その中で、京都大学iPS細胞研究所所長の山中伸弥教授は「一番困っているのは大学院生」と、若手研究者への支援を訴えた。
昨日に同様の記事を書いたばかりではあるが、一部内容を紹介したい。
関連記事:「学費減額」に慎重な検討が必要な理由と、今後求められる学生への支援
以下、動画からの引用
(安倍首相が大学生・短大生等への支援策を説明した後)
山中教授:私たちの研究所には、大学院生がたくさんいます。修士課程、博士課程。もしかすると、彼らが一番困っているかもしれません。20代後半、30代の人がいて、結婚もして子どももいる。そういう形で、今バイトもできない。でも、普通の一人暮らしよりずっとお金がかかる。
今、大学院生が(質問の中にも)入っていませんでしたが、大学院生の存在も頭に入れて頂きたい。
もう一点、経済的な支援も大切ですが、本来受けられるべき教育が受けられていない。こちらに対する支援も、先日もオンラインを前倒しでやると言って頂いておりましたが、ぜひ大至急すべての児童・学生さんがオンライン授業を家で受けられる体制に1日も早くなったらいいなと思っています。
馬場典子アナウンサー(司会):大学院生も、先ほど総理が説明した制度(給付型奨学金制度)を活用できるのでしょうか?
安倍首相:これはあくまで学部生(大学院生は対象外)。今後、将来の課題として、大学院も考えていかなければならないと思っています。
山中教授:給付型は、私も学生の時に給付型奨学金を月3万円ぐらい頂いて、本当に助かった。そのお陰で医者になれたようなものなんですが、だいぶ敷居が高い。競争率が高くて、もらえる人が限られていた。ですから、給付型をもらいたいと思っていても、なかなかもらえない人もいる。最近の件数はよくわかっていませんが、できるだけ給付型の奨学金の割合を増やして頂けたら、たくさんの学生さんが助かると思います。
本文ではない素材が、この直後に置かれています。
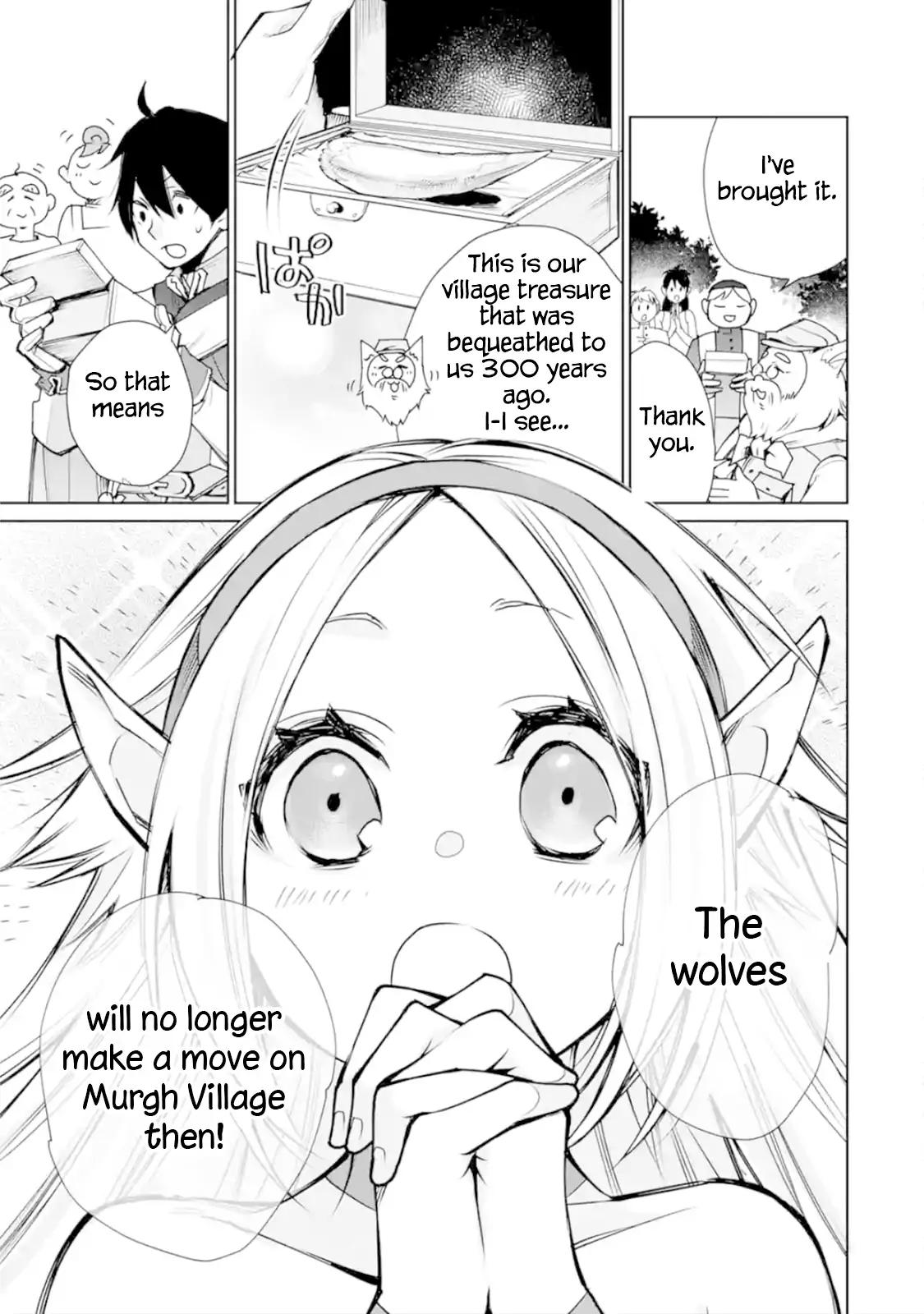 The Strongest Wizard Becomes a Countryside Guardsman After Taking an Arrow to the Knee chapter 2.3 page 10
安倍首相:今申し上げた(給付型奨学金の)5400億円という予算は、義務的経費ですから、予算を上回る対象者がいれば、当然それに対して対応していくということになります。そこはご安心頂きたいと思います。
(引用終わり)
「大学院生に対する支援を」、という山中教授の求めに対して、安倍首相は「将来の課題」と、含みのある回答ではあったが、大学院生は学部生以上に、研究環境に大きな支障が生じており、金銭的な支援に加え、オンラインデータベース・電子ジャーナル、電子書籍の拡充、大学/公共図書館の一部開放、非来館型の貸出サービスなど、少しでも研究のしやすい環境を整備してもらいたい。
研究者らの有志でつくるグループ「図書館休館対策プロジェクト」の調査によると、大学や自治体が運営する図書館の休館やサービス縮小が続く中、約6割の学生や研究者らが自らの研究に影響があると回答しており、研究を続けるための支援を求めている。